Unfinished houses, that’s the best offer Cuban government give to people that have lived more than 20 years in shelters
- Submitted by: Camila
- 11 / 18 / 2014
About 1,100 low-income families who need housing in Havana and spent more than 20 years living in shelters or transit communities have finally been transferred to buildings that Cuban government has been building. However, the expected housing is far from the dream.
The "new" homes are delivered unpainted, no doors, bathrooms and kitchens unfinished, concrete floor, no phone line and faulty plumbing. The government's response is that the houses have been built under the concept of “affordable housing”, for which the state guarantees "minimum conditions of functionality and livability."
Another aspect that tarnishes the arrival of these families to their new home is the occupation regime because they say the state promised homeownership and yet, they are assigned in the concept of "permanent rent".
The happy ending that more than 132,600 homeless people have expected is very different from what they intended. But despite the difficulties, many residents are happy to have a home at last, after the appalling conditions in which they have lived for years.

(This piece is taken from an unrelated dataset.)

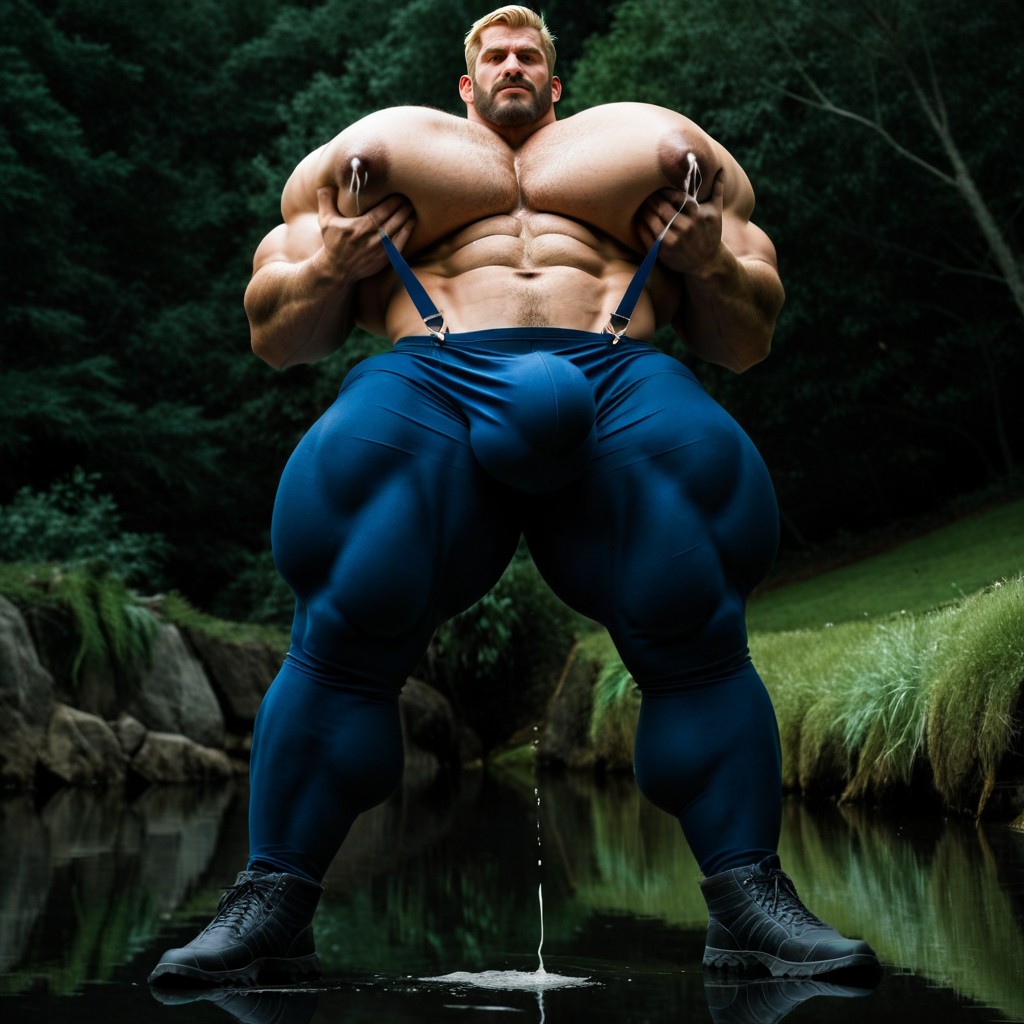 Masculine Lumberjack, Bottom Up, 18+ AI Gay Porn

In addition to the 1,100 already delivered social housing in Havana between 2013 and 2014, the Ministry of Construction plans to build 1,480 other houses by 2015. The aim is that by 2016 won’t be families with more than ten years of permanence in the shelters.
In granting housing priority is given to those who have resided in these transit communities over than 20 years and those who live in critical condition or have a disability.
Housing is one of the major social problems of Cuba, where the housing stock amounts to over three million buildings, of which almost half are in poor condition, while the general government deficit is estimated at about 600,000 homes.